In his 30s he took up cycling, and won a national cyclo-cross championship; but then, looking for a new sport after a bad accident, a chance meeting with a husky owner set him off in a new direction.

At the outset Mike and Marion "made all the mistakes in the world". Their first was to buy the wrong kind of dog. The four animals they got were relatively big and heavy, and Mike realised too late that they were of the trotting type, which will keep going all day at eight or nine miles an hour, but will never gear up enough to take part in British sprint races.

Having owned Jack Russell terriers for years, the Bradburys imagined that they could train any breed of dog, and tried walking the six-month- old huskies, loose, through their sheep, to make them steady. "Then," as Marion recalls, "we saw their heads go down, their shoulders drop in a wolf-like attitude, and thought, `Look out - back on the lead, quick'."

To get them going, Mike had to drag dead rabbits round the field behind a motorbike. "Then Marion used to drive ahead in a Land Rover, and I would chase her, the dogs pulling me on a three-wheeled rig. That got them fit, and I won a few races with them - but no matter what I did, I could never get them up above 14 or 15 miles per hour: that was their limit."

Today the original quartet is pensioned off and living happily in a big, grassy compound near the house. Four years ago Mike changed the blood- line, bringing in a lighter, race-bred strain capable of sustaining 20 or more miles an hour on snow. His present star is Davy, "one in a thousand", bought from a breeder in Caithness who had imported high- performance huskies from North America.

The Bradbury pack lives in palatial quarters, designed and built by their owner. Their huge, airy kennel has separate wire-mesh compartments, so that all ranks can see each other but also have their own territories. Outside there is a one-acre enclosure, more forest than run, thickly grassed and full of young trees, in which they can let off steam.

They get one meal a day of Respond, a patent Irish greyhound feed, mixed with minced chicken. When they go into hard training, later in the autumn, they will move on to minced beef, because the fat in the chicken makes them thirsty and inclined to stop suddenly when running and lap at puddles; causing chaos in a 14-strong team.

In spite of their wolfish appearance - often with one eye white or pale blue and the other amber - huskies are gentle and affectionate with humans. When Mike cuddles one and gives it a kiss, it licks his face just as any other dog would. Nevertheless, in a pack their wild instincts are never far from the surface. At night they often set up a communal howl - their boss has fixed up a loudspeaker through which he can order silence from his bedroom - and woe betide any cat that gets in their path.

Mike does much of his training in the Forest of Dean, where a licence from the Forestry Commission allows him to run the dogs, with the proviso that he is in and out before ordinary dog walkers are abroad. This suits him fine.

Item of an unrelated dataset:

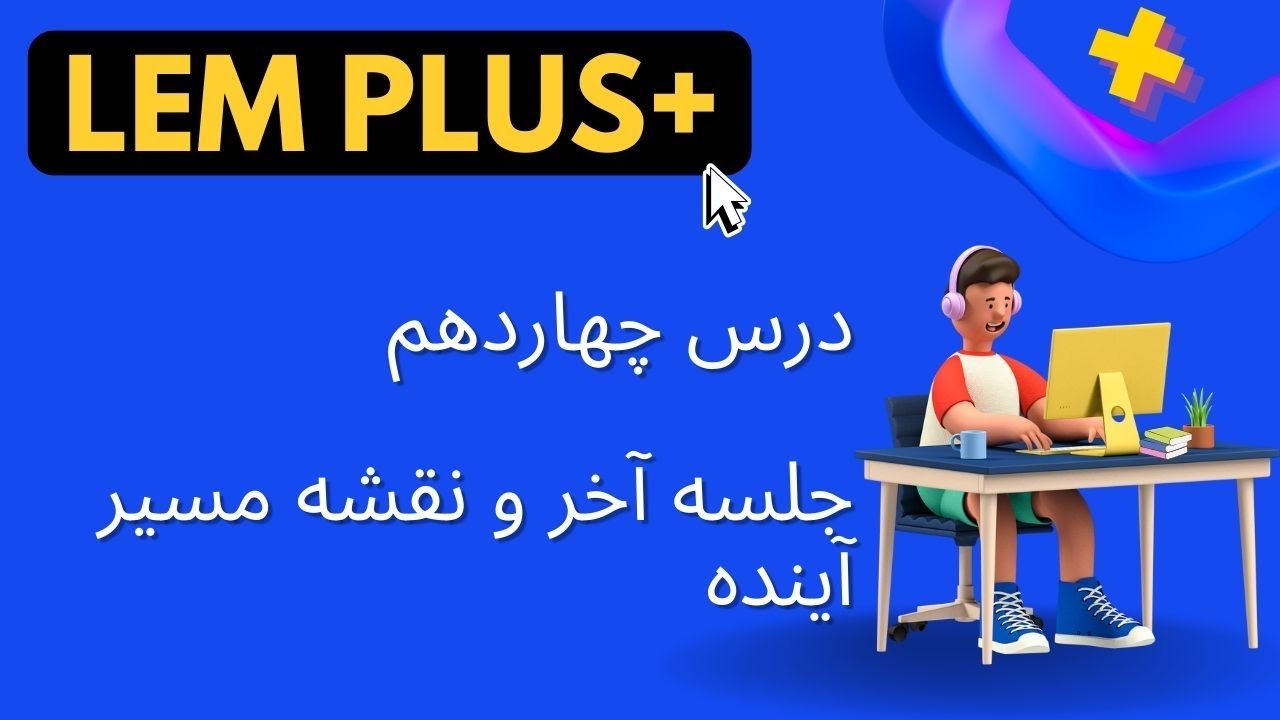 درس چهاردهم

First, because it is coolest at or before dawn, and second, because dogs nosing about off the lead are a menace. Normally the huskies hurtle straight past, but if a terrier took a rush at the team, it might get a nasty shock.

In their early-season training (proceeding now), eight-dog teams tow their owner slowly on an engineless quad bike, whose weight makes them work hard. Then gradually they speed up with lighter rigs behind them, honing their fitness for the winter's races.

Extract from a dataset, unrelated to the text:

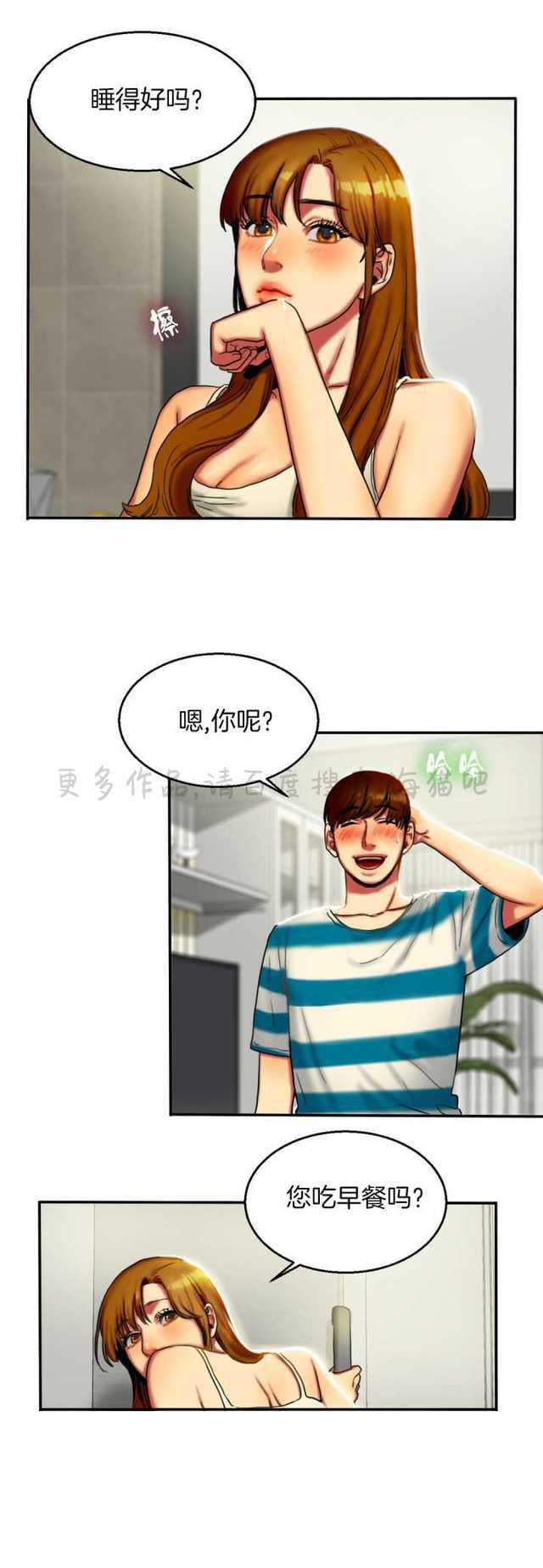 海贼王漫画吧韩漫全集-第15话无删减无遮挡章节图片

Last year, after "a big bust-up" in the British husky world, the Bradburys created their own racing association, Sled Dog 2000, with the aim of re- constituting the national championships, which had lapsed, and of setting up a body in which all enthusiasts are welcome. Six two-day events will be held this winter, three in England, three in Scotland, with 80 or 90 teams entering for each.

There are no cash prizes: only small trophies. But nobody is in this game for the money. According to Mike, there are now 300 racing teams in the country, "and the whole sport is coming up fast".

Much store will be set on the meet at Aberfoyle, in the Scottish Highlands. All competitors will take their sleds along, hoping for snow. "You can ride a rig, and it's great, because you've got efficient brakes," says Mike, eyes lighting up. "But on a sled you can hardly brake at all, and that makes racing on snow the ultimate."